(Source data):

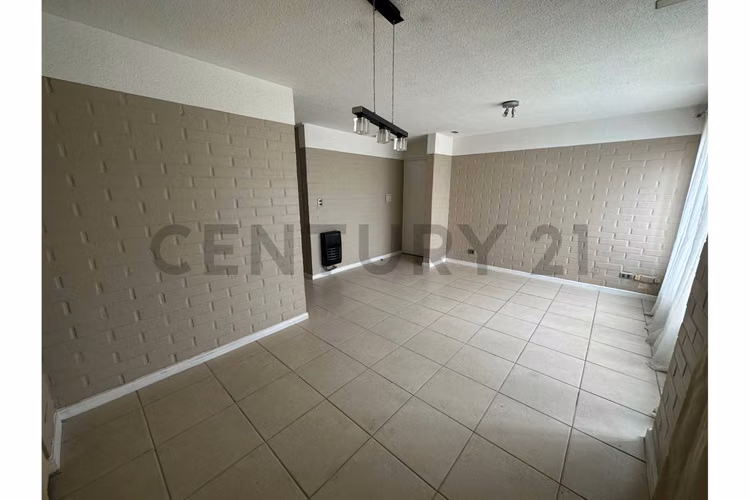 Se Vende casa comercial en Avenida Juan Cisternas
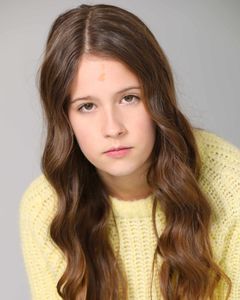 Addison Metcalf interpreta Isabella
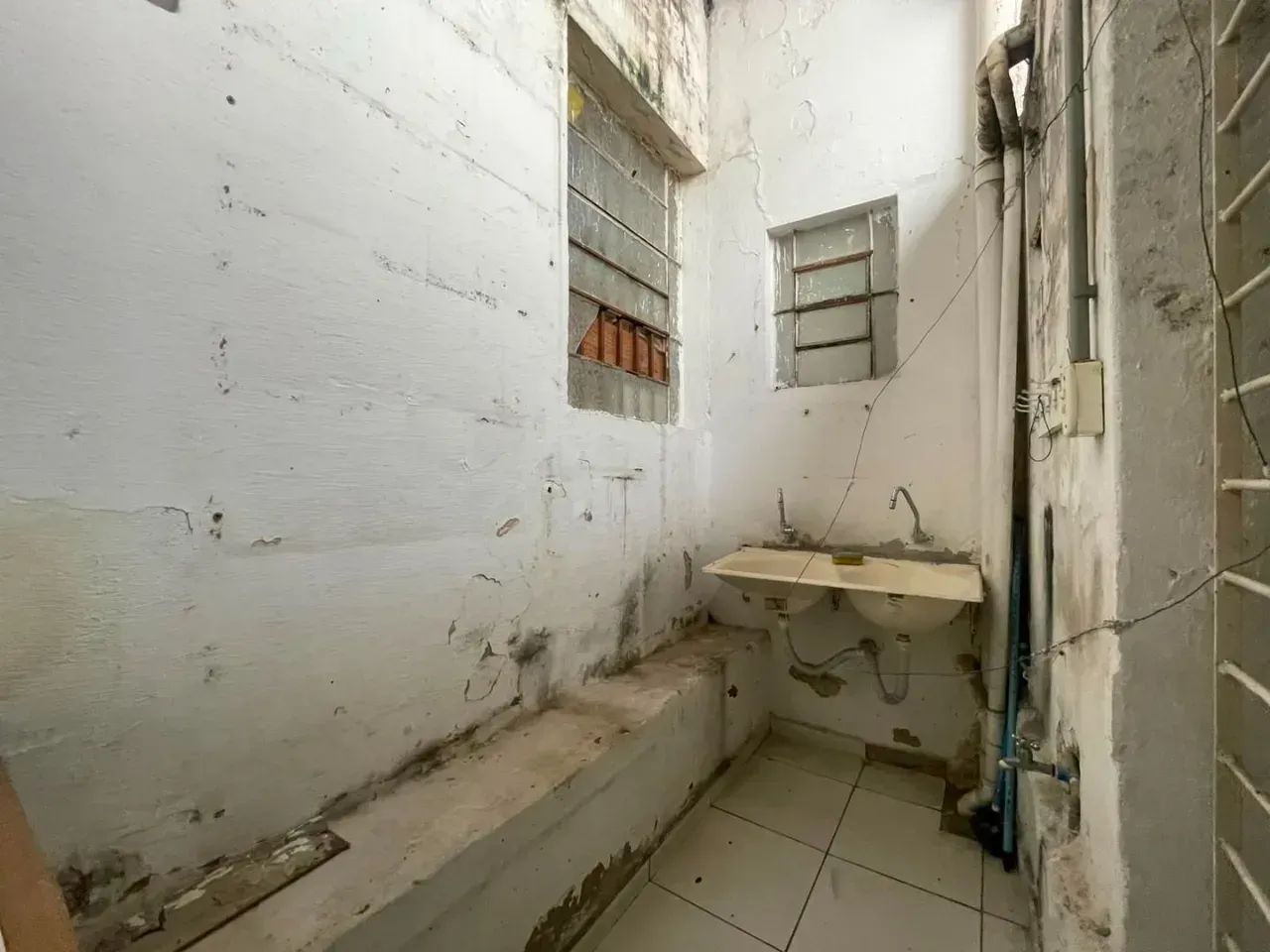 Imóvel para aluguel tem 90 m²  Centro - Pindamonhangaba - SP - Foto 3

(The task): Please repeat all of the data exactly as it stands, leaving the pictures out.

(Answer box):
 Se Vende casa comercial en Avenida Juan Cisternas
 Addison Metcalf interpreta Isabella
 Imóvel para aluguel tem 90 m²  Centro - Pindamonhangaba - SP - Foto 3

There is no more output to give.